Stored dataset items:
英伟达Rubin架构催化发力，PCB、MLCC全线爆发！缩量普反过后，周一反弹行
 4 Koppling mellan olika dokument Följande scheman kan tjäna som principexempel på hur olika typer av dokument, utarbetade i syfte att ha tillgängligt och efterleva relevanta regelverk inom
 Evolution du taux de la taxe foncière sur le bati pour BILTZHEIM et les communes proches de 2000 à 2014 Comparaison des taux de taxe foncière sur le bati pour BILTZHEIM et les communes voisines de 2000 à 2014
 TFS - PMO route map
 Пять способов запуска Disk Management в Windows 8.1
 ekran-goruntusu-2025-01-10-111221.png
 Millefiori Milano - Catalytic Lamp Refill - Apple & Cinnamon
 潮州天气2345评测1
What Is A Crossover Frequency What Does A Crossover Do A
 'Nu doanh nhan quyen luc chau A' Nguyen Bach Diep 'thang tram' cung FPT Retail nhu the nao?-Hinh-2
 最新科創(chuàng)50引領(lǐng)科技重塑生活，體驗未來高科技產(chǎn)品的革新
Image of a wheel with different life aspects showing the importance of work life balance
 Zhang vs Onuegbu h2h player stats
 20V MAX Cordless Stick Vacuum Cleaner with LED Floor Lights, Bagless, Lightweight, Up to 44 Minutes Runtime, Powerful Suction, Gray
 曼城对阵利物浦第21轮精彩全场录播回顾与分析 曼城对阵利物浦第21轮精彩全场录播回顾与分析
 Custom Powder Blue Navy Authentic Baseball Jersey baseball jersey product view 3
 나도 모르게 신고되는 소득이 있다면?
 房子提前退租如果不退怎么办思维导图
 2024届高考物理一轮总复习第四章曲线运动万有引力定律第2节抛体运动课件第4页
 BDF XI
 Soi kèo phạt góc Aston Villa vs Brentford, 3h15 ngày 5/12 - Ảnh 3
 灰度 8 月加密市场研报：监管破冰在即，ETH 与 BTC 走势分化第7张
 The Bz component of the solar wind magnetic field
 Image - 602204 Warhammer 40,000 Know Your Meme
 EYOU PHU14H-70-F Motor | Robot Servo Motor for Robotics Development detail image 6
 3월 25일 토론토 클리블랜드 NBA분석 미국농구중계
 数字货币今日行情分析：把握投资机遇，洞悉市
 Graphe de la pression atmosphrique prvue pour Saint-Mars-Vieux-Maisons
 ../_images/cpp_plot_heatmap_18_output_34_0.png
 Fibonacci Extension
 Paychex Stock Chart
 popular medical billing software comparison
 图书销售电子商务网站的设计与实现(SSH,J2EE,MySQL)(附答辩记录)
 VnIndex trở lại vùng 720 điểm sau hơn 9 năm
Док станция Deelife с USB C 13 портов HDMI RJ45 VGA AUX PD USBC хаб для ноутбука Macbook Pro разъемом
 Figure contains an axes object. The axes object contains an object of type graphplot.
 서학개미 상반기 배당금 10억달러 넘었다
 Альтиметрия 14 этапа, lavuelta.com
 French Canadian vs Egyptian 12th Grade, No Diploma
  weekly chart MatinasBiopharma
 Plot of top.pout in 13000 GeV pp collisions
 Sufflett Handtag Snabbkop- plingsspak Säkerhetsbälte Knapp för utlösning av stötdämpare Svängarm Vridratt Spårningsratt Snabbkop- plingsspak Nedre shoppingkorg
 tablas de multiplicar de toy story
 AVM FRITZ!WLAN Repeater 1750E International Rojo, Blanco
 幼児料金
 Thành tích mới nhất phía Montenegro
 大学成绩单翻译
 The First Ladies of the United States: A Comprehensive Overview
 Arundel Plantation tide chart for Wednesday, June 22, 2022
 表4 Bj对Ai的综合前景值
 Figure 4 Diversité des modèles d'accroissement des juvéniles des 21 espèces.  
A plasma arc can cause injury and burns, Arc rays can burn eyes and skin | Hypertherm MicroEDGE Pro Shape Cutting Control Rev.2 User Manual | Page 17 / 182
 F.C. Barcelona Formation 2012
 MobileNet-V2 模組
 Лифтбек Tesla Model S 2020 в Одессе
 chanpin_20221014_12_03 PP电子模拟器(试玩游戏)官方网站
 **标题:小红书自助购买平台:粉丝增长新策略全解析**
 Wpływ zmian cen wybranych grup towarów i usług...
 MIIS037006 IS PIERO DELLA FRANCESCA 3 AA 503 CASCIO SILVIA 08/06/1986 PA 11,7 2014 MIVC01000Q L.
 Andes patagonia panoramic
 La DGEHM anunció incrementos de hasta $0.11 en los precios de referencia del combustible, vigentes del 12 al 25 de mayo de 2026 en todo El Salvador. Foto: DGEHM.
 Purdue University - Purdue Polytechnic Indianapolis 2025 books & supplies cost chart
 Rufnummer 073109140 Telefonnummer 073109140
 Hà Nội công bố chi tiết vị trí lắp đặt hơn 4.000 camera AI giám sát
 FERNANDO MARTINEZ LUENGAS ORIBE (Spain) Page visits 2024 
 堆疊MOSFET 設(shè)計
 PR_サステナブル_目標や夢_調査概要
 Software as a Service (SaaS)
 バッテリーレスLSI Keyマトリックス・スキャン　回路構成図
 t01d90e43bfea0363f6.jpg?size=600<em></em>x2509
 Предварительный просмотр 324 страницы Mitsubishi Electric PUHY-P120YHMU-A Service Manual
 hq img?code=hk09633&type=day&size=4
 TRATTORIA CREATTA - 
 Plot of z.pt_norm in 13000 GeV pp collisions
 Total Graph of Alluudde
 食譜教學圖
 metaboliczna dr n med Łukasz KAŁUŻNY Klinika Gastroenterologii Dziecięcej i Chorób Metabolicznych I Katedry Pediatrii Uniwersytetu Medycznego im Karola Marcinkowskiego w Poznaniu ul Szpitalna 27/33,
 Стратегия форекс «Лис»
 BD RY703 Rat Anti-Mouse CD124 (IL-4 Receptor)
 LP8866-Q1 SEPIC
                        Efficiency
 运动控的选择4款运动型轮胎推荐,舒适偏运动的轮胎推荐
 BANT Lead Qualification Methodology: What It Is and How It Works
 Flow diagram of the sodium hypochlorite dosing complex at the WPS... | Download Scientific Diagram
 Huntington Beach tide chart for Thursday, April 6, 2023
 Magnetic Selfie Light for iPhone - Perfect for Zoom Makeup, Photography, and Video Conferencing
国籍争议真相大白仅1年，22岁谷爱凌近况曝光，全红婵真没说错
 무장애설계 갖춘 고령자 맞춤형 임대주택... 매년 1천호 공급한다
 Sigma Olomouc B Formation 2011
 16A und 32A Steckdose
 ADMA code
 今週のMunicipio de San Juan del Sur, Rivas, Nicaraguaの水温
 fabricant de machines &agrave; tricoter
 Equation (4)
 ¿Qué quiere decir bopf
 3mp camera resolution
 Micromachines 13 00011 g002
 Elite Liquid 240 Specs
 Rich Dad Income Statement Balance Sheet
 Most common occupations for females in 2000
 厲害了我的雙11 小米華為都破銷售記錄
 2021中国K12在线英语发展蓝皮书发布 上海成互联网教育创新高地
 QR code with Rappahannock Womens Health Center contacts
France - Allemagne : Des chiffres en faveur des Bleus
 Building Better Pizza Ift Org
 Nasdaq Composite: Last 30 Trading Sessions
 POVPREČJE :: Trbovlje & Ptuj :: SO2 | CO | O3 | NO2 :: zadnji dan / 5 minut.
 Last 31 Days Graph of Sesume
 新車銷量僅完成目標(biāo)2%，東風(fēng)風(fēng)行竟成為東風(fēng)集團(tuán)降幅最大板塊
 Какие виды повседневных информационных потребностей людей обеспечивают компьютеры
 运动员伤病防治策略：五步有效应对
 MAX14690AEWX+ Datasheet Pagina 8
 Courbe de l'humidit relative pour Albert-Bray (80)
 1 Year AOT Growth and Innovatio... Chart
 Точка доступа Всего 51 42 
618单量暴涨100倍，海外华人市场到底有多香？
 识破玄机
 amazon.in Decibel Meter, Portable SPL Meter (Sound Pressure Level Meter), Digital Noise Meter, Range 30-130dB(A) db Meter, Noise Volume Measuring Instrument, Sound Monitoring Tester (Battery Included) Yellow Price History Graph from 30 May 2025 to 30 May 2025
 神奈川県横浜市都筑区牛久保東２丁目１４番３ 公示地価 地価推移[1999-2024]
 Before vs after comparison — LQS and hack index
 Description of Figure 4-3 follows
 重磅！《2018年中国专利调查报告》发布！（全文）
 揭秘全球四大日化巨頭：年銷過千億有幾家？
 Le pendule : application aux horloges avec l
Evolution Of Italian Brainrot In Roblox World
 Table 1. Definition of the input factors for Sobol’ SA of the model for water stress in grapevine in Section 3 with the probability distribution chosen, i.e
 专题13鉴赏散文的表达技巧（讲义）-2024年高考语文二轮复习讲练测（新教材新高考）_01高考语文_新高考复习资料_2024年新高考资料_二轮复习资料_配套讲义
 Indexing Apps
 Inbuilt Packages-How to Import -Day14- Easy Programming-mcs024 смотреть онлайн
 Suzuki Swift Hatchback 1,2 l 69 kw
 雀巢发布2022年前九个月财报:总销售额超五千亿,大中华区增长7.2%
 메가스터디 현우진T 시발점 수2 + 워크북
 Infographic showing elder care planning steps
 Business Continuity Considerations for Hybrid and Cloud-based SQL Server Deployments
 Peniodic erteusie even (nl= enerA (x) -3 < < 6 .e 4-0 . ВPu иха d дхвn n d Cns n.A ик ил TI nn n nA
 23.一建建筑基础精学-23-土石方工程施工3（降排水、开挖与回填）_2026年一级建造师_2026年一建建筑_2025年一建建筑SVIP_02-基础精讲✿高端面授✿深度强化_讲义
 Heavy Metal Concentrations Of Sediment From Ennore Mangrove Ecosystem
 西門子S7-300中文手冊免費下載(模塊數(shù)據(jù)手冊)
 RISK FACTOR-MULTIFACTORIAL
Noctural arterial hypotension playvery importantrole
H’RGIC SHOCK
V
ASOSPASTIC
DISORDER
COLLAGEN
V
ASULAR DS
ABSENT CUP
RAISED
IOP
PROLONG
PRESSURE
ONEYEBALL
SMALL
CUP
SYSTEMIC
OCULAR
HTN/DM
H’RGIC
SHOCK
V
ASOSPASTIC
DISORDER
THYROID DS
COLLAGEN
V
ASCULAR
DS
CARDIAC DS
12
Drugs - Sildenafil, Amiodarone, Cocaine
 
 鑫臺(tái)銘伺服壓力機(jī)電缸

▸ EXERCISE DIRECTIONS
Only the lines above starting with the one with "Flow diagram of" and going through the one with "Sigma Olomouc B Formation 2011" are to be copied, word for word and with both ends kept.

▸ OUTPUT FOR THIS EXERCISE
 Flow diagram of the sodium hypochlorite dosing complex at the WPS... | Download Scientific Diagram
 Huntington Beach tide chart for Thursday, April 6, 2023
 Magnetic Selfie Light for iPhone - Perfect for Zoom Makeup, Photography, and Video Conferencing
国籍争议真相大白仅1年，22岁谷爱凌近况曝光，全红婵真没说错
 무장애설계 갖춘 고령자 맞춤형 임대주택... 매년 1천호 공급한다
 Sigma Olomouc B Formation 2011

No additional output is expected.